[Exercise input Boundary: Start]
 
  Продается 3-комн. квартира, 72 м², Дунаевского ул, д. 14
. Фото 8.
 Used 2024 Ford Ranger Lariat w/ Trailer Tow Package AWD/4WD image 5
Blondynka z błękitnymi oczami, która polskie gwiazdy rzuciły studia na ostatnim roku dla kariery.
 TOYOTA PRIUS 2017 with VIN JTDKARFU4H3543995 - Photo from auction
[Exercise input Boundary: End]
[Exercise input Boundary: Start]
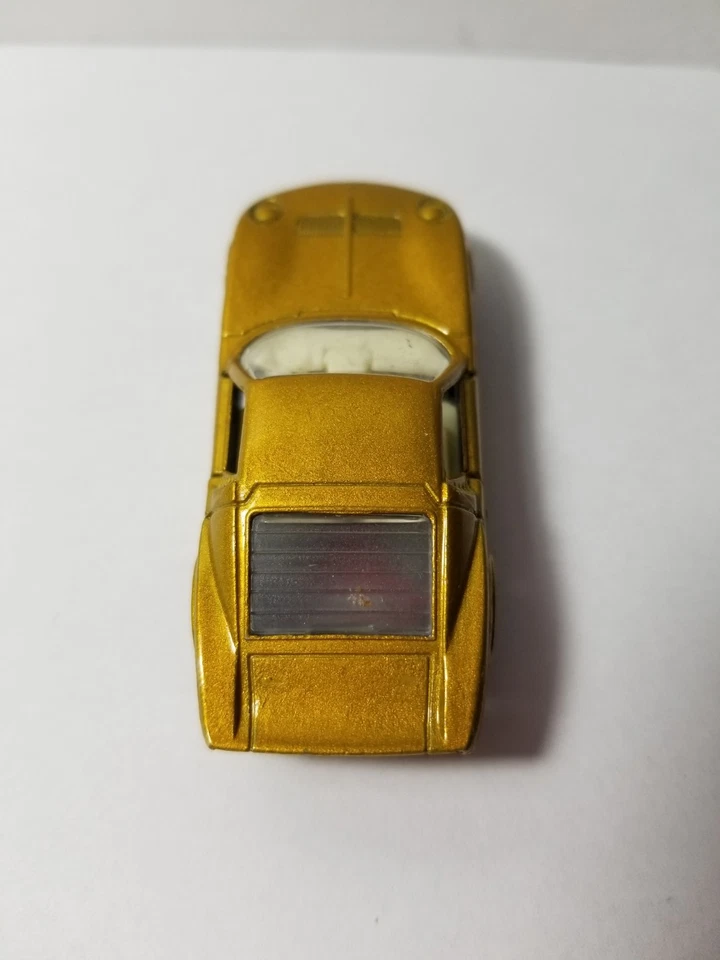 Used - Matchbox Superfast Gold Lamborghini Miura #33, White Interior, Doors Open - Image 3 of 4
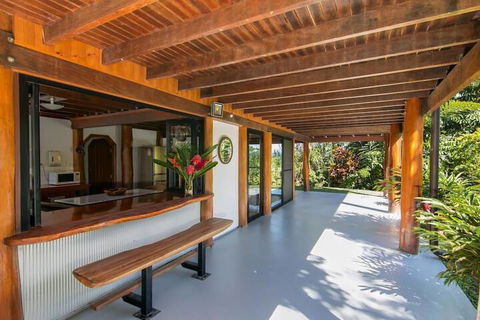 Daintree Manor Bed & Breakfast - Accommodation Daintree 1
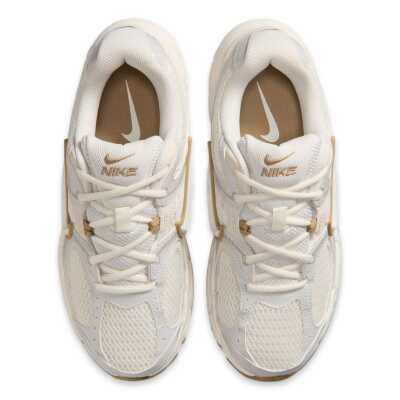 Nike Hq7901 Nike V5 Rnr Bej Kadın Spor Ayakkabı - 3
[Exercise input Boundary: End]
» **Task goal**: Only those lines of the entries above that run from the line containing "Blondynka z błękitnymi" to the line containing "TOYOTA PRIUS 2017", both included, should be transcribed exactly.

» **Result of the task**:
Blondynka z błękitnymi oczami, która polskie gwiazdy rzuciły studia na ostatnim roku dla kariery.
 TOYOTA PRIUS 2017 with VIN JTDKARFU4H3543995 - Photo from auction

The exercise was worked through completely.